Как евреи отмечали Рождество: Нитл-Нахт и Кристмука
Зимний солнцеворот и самая темная ночь в году
Традиционная культурная антропология рассматривает Рождество в европейской традиции как часть более широкого цикла праздников середины зимы, которые у многих народов календарно привязаны к периоду вокруг самой длинной ночи в году. Зимние ночи от римских Сатурналий, через германо-скандинавские праздники Йоля и «суровых ночей» до славянских колядок традиционно считались временем «усиления» потусторонних сил. Страх перед темнотой и холодом компенсируется обрядовой активностью: светом, шумом, обильной едой, масками, играми и некоторым ритуальным обманом, анти-поведением, инверсией норм. Вероятно, широкая популярность Рождества и праздничных ритуалов вокруг этой даты лежит в основе того же страха зимней тьмы и надежды на возвращение света.

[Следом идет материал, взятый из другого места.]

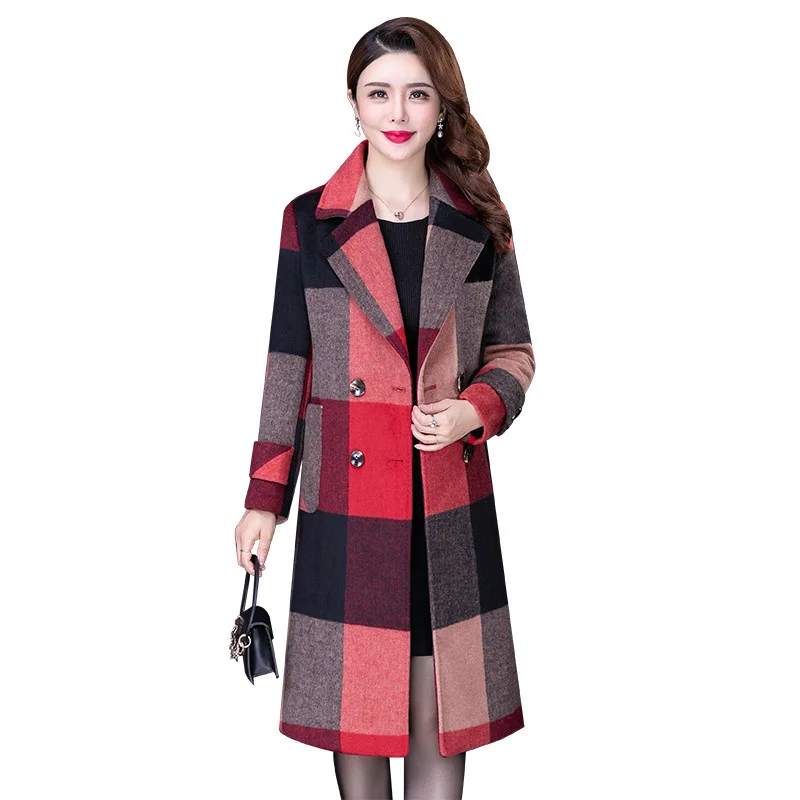 

Autumn Winter Nice Pop Women Wool Coat Fashion Thicken Warm Plaid Woolen Overcoat Slim Long middle-aged mother Outerwear Female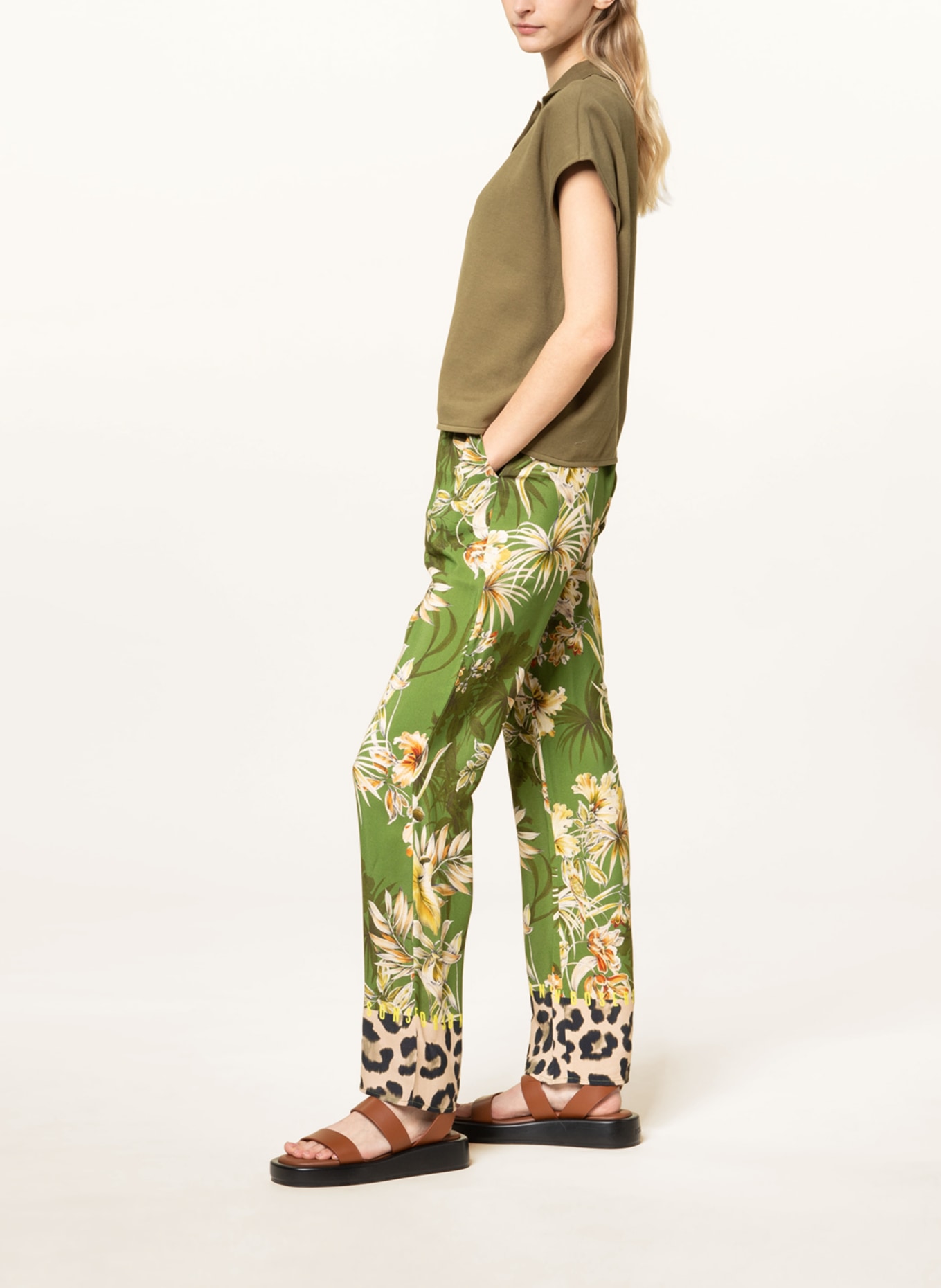 CATNOIR Wide leg trousers, Color: OLIVE/ LIGHT YELLOW/ DARK YELLOW (Image 4)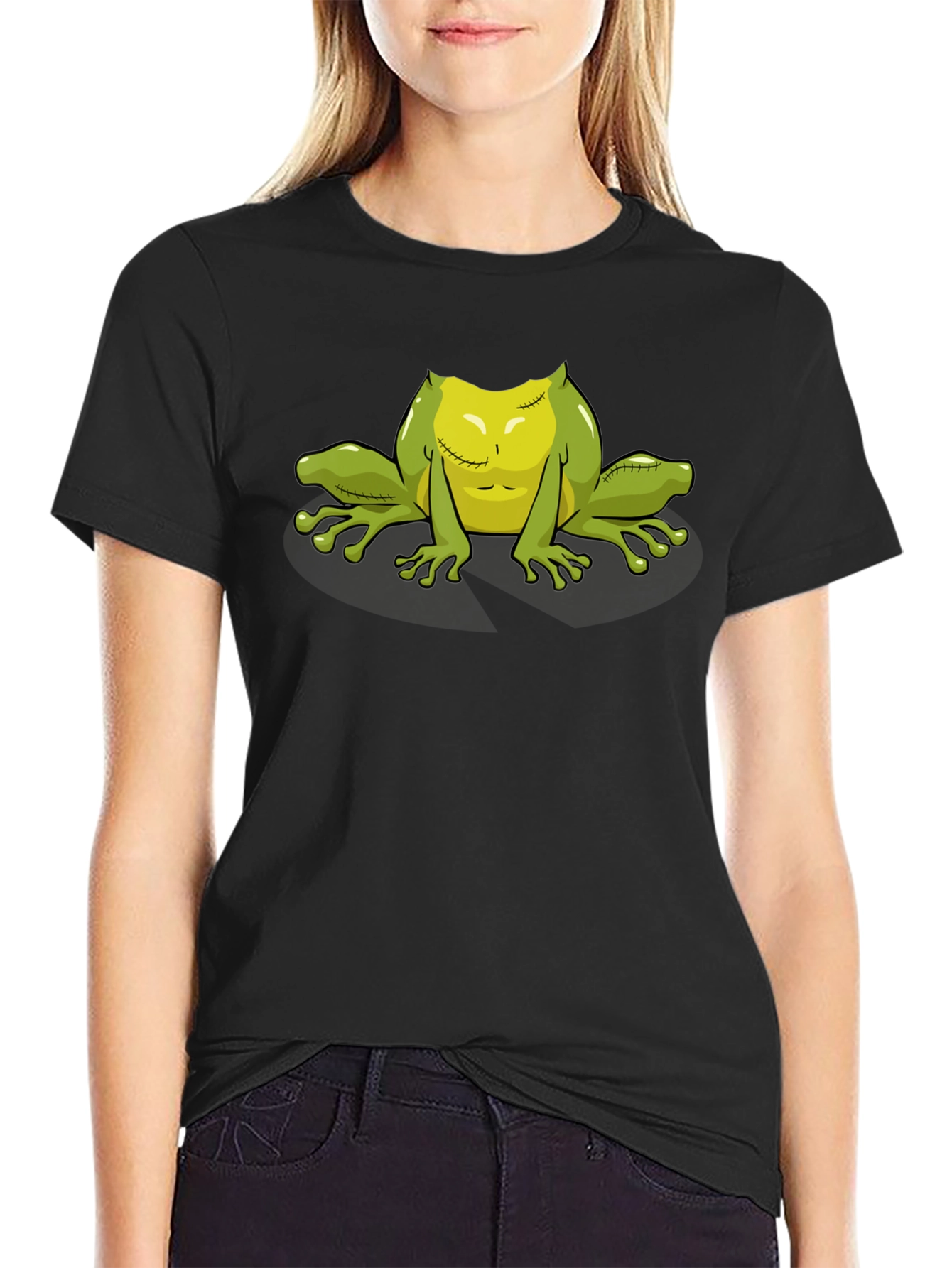 Zombie Frog Graphic Tee - Black Cotton T-Shirt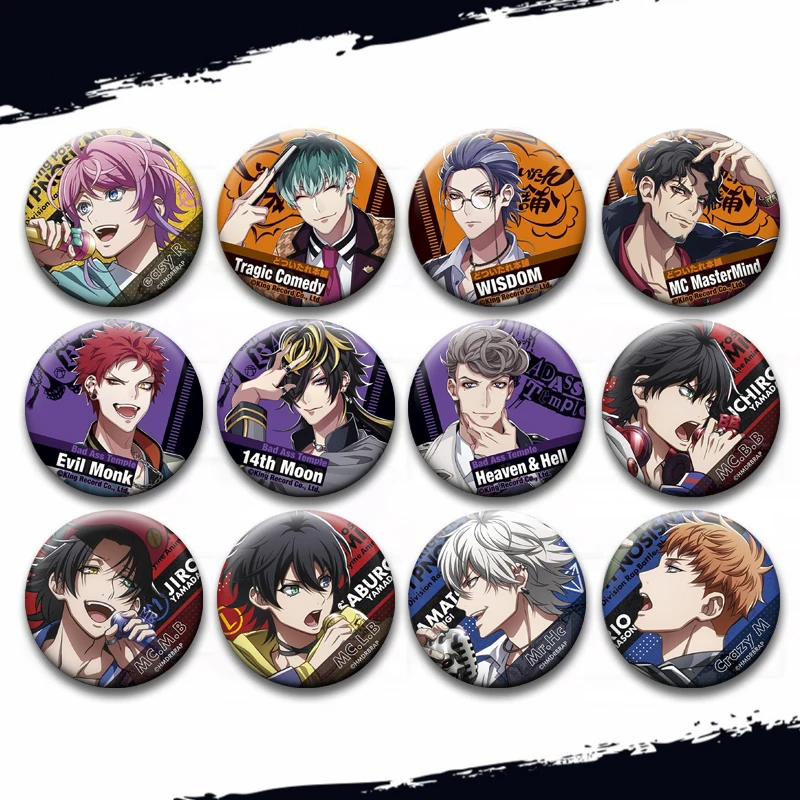 Anime Game Hypnosis Mic Button Pin Cartoon Character Badge Round Tinplate Brooches for Clothes Decoration Bag Accessories Gifts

Еврейские ханукальные обычаи также органично вписаны в эту систему сезонных практик. Однако в тех случаях, когда чужая ритуальная традиция (Рождество) накладывается на собственную (Хануку), в фольклоре возникают особые, гибридные формы поведения. Они не сводятся ни к прямому заимствованию, ни к простому отторжению, а формируют самостоятельную «ночную рамку» из набора принятых практик, рассказов и запретов, через которые община одновременно дистанцируется от доминирующего праздника и символически осваивает самый уязвимый отрезок зимнего времени. Именно в этом пространстве пересечения и напряжения рождается феномен Нитл-нахт.
Иосиф Гинцбург. «Вечный вседенный календарь». Варшава, типогр. Авраама Бомберга. 1887. Содержит таблицы расчета лунного и солнечного циклов, соответствия дат еврейского, юлианского и григорианского календарей, а также даты православных праздников и торжественных дней с 1740 года. Из коллекции Музея истории евреев в России.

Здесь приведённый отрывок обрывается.